- _WHAT YOU SHOULD DO_
Where a record contains an image, leave the image out and print the rest exactly.

- _SUPPLIED RECORDS_
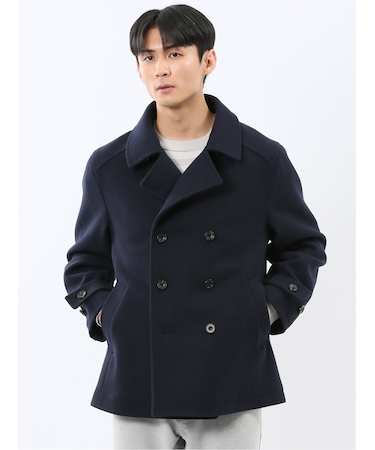 ストレッチメルトン ピーコート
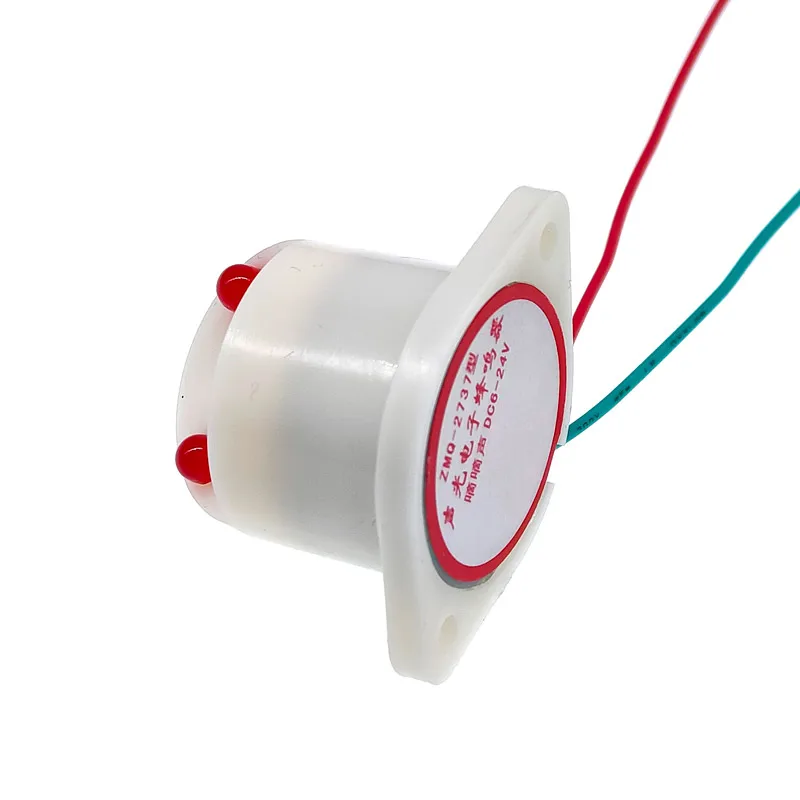 1PCS Minitype Sound And Light Electronic Buzzer ZMQ-2737 DC6-24V IP54 Lamp Burglar Alarm Beep Sound High-decibel Warning Device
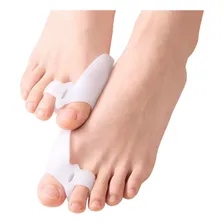 Protetor Joanete Separador Dedos Pes Silicone Joanete 1 Par Cor Branco Tamanho Universal Foto  mini 1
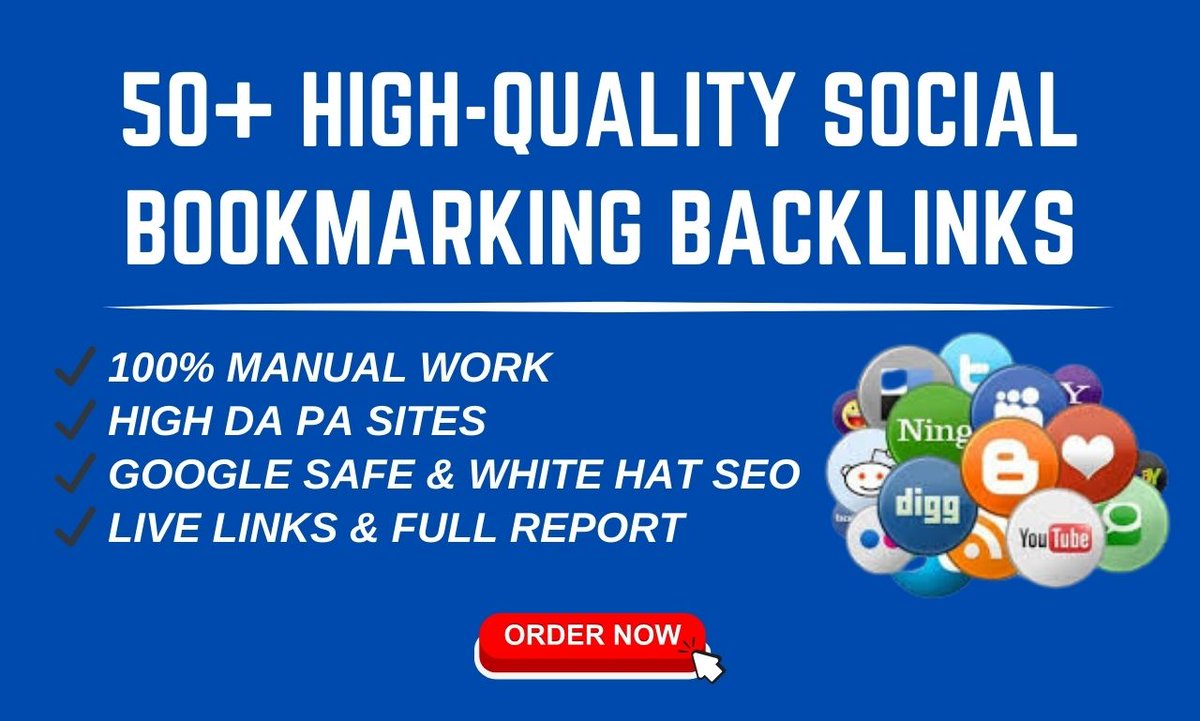 DigimarketingM's tweet image. 🚀 Boost your Google ranking with 100 manual social bookmarking backlinks!
Safe, high-quality, and Google-friendly. Get fast indexing & increased traffic!
👉 fiverr.com/zehan21/manual…
#SEO #Backlinks #GoogleRanking #SEOServices #LinkBuilding #WebsiteTraffic #WhiteHatSEO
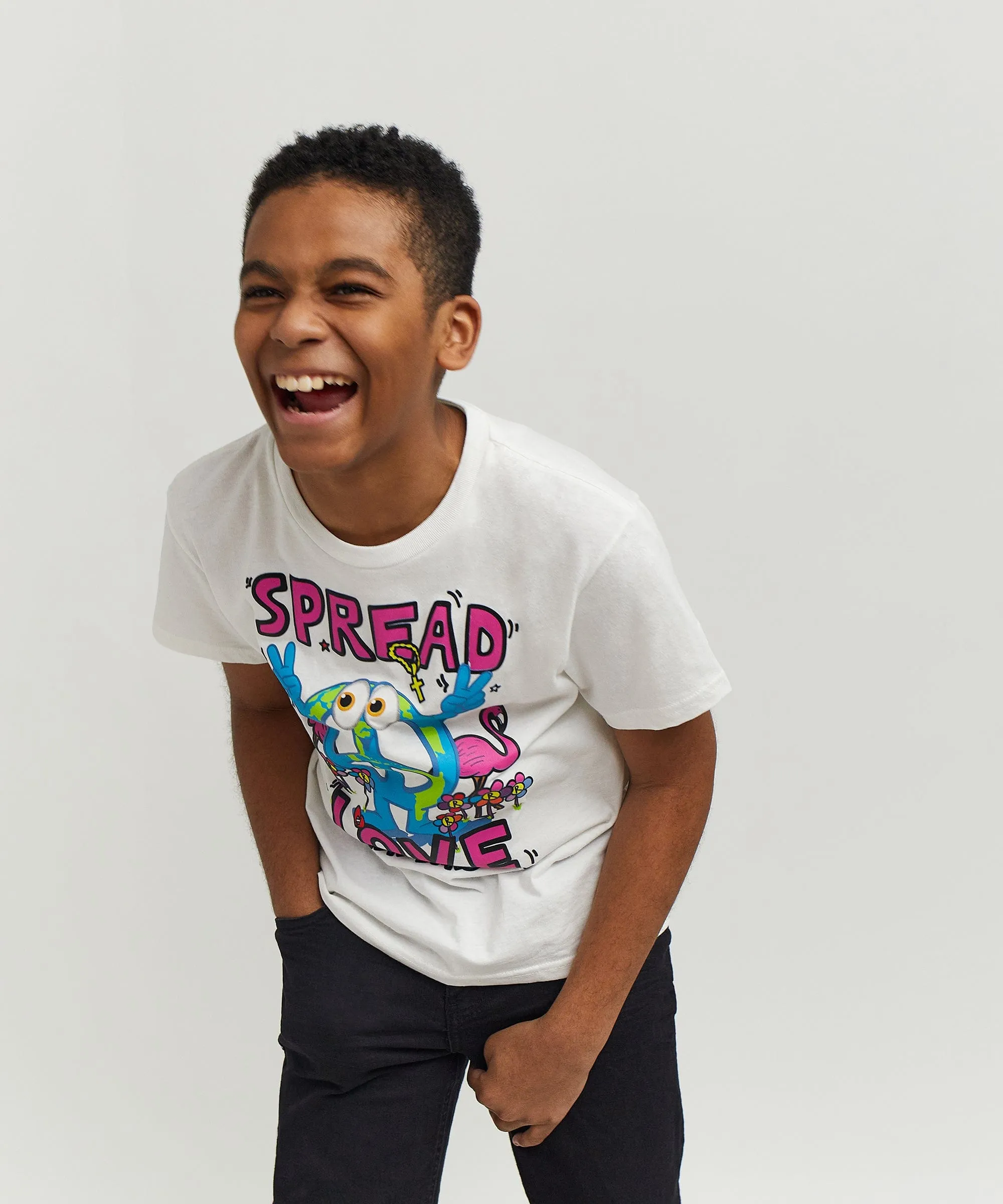 Kids Spread Love Tee - White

- _WRITTEN SOLUTION_
 ストレッチメルトン ピーコート
 1PCS Minitype Sound And Light Electronic Buzzer ZMQ-2737 DC6-24V IP54 Lamp Burglar Alarm Beep Sound High-decibel Warning Device
 Protetor Joanete Separador Dedos Pes Silicone Joanete 1 Par Cor Branco Tamanho Universal Foto  mini 1
 DigimarketingM's tweet image. 🚀 Boost your Google ranking with 100 manual social bookmarking backlinks!
Safe, high-quality, and Google-friendly. Get fast indexing & increased traffic!
👉 fiverr.com/zehan21/manual…
#SEO #Backlinks #GoogleRanking #SEOServices #LinkBuilding #WebsiteTraffic #WhiteHatSEO
 Kids Spread Love Tee - White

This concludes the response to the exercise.